Стало противно оттого, что я в принципе допускала подобные «качели» в наших странных взаимоотношениях.
Это притяжение либо разрушит нас, либо все вокруг нас.
— Включишь что-нибудь еще у него? — обратился с просьбой блондин.
Я попыталась скрыть радость за непринужденным пожатием плечами и порылась в плейлисте. Поставила проигрываться десятиминутную композицию «Blackstar» из последнего альбома легенды перед его кончиной.
— Ты когда-нибудь встречалась со своей матерью? — внезапный вопрос от компаньона по ночному рандеву с мороженым отнял у меня дар речи.
Конечно, он знал, что я сирота... Выяснил всю мою подноготную, прежде чем нанять.
Вдруг мне захотелось забиться в угол, потому что я почувствовала, как удушливый стыд подкрался к горлу. Не было моей вины в том, что я росла какое-то время в детдоме, но каждый раз, когда кто-то интересовался об этом отрезке моей жизни, я теряла уверенность в себе. Просыпалась ненависть и обида на жизнь. Почему другие дети были счастливы в своих крепких семьях? Почему я была лишена этого? Но вскоре бесчисленные вопросы себя исчерпали, потому что в них не было и толики смысла.
Мне не нравилось разговаривать о своих непутевых родителях. Вместо лица отца в памяти — пустое пятно. А черты маминого едва-едва проглядывались сквозь годы ее тотального отсутствия.
Я сделала глубокий вдох.
— Нет.
— А хотела бы увидеть ее?
— Зачем вы спрашиваете меня о ней? — я не выдержала и адресовала Суворову резкий ответный вопрос.
— Любопытно.
Я кисло усмехнулась.
Ох, любопытно, значит, расковыривать чужие раны.
— Прости, Майя, я не хотел задеть твои чувства, — Давид Дмитриевич тут же дал обратную, сказав это с искренностью.
Я опустила взгляд и принялась нервно теребить пальцы.
— Все... в порядке.
Он положил свою большую ладонь поверх моих рук, после чего я замерла.

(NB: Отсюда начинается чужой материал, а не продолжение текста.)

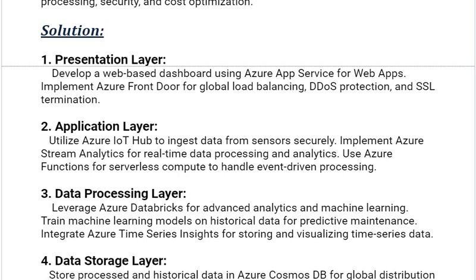Our next solution is the application layer. Utilize Azure IoT Hub to ingest data from sensors securely. Implement Azure Stream Analytics for real-time data processing and analytics. Use Azure Functions for serverless compute to handle event-driven processing.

— Я больше не заикнусь об этом, — из его уст это прозвучало, как обещание. — Если ты сама не захочешь поделиться чем-то важным со мной.
Во мне вновь разыгралось желание рассмеяться.
Зачем нам разговаривать на подобные темы? Мы не собирались становиться друзьями, или кем-то ближе... Так почему же Суворов вел себя так, словно мы находились сейчас на свидании, или типа того?
— Но я бы хотел узнать тебя, Майя, — добавил, проникновенно понизив голос.
— Тогда зачем оттолкнули? — мой подбородок предательски задрожал.
— Испугался.
Никогда бы не подумала, что Суворов способен вот так просто признаться в слабости. И кому? Мне? Соплячке, с которой был знаком около месяца?
— Чего вы испугались, Давид Дмитриевич? — сама не знаю, почему перешла на шепот. Мне казалось, что если буду говорить громко, то нарушу особенную сокровенность момента.
Какой глупый вопрос!
Какая глупая я!
Нам не нужно обсуждать то, что произошло по ошибке...
— Что недостоин твоего первого раза, — Суворов придвинулся ко мне. — Чуть не свихнулся, пытаясь избавиться от мыслей о том вечере, о тебе... твоих губах... — его дыхание стало тяжелым, а взгляд, возбужденный и пламенный, опустился к моему рту. — С тех пор думаю о том, что происходит между нами, Майя, — руку другой руки он положил мне на талию. — Ты сводишь меня с ума. Клянусь. Рядом с тобой я становлюсь слабаком.